The movie is based, I understand, fairly loosely on a novel by Luke Davies, published in 1977. Although I haven’t actually read the novel and I came to this movie without any pre-conceived ideas, I knew heroin was an important part of the movie. Images of “Trainspotting”, “Little Fish” and “Monkey Grip” (which also featured Noni Hazlehurst) came to mind.
As with “Trainspotting”, the highs and lows of heroin abuse are shown. There were occasions, for example, when I had to cover my face, as I’ve never been one for injections. There was also an upsetting scene associated with Candy’s miscarriage. But I have to say, honestly, having seen cold-turkey scene in “Trainspotting”, the similar sequence in this film wasn’t nearly as distressing as I thought it might be.

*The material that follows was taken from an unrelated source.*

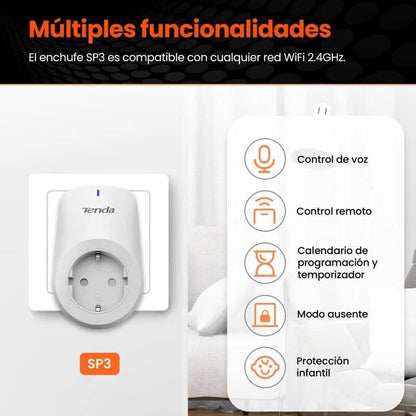 ENCHUFE INTELIGENTE TENDA SP3 WIFI 2.4GHZ ( PACK 4 UNIDADES )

Although the film is very moving, it’s not entirely distressing. The use of the first-person narrator, which gave the movie a certain “Secret Life Of Us” quality, gives you some hope throughout these two very engaging characters will make it through, gain some of the wisdom they need to get through life.
Heath Ledger is absolutely fantastic in this movie, bringing a humanity to the role which emerges throughout the movie, leading to a real sense of character development. There were times, however, when I thought Abbie Cornish over-acted, resulting in a degree of confusion about Candy’s identity. I couldn’t decide if it was childhood abuse, mental illness, heroin abuse, or just plain immaturity that was Candy’s problem. Although on one-level, you could interpret that as Cornish giving a multi-layered performance, I just thought she was confused about why Candy was the way she was. She lacks the character development that you might expect, especially as she emerges at the end of the film as if nothing had happened. Again, you could read something deep into that, but I suspect it’s just not there.
Nonetheless, it was a very good movie and one I suspect I’ll remember for quite some time. Seeing the movie in Newtown, in particular, was quite interesting, if only to recognise a large number of locations used in the film shot entirely around Sydney. I couldn’t help but feel, however, for the owner of the nearby pawn-shop which figures prominently early in the movie as the location where Candy first has sex for money. I don’t imagine his shop will become quite the drawcard, for example, that Videodrama became after featuring in “Muriel’s Wedding”.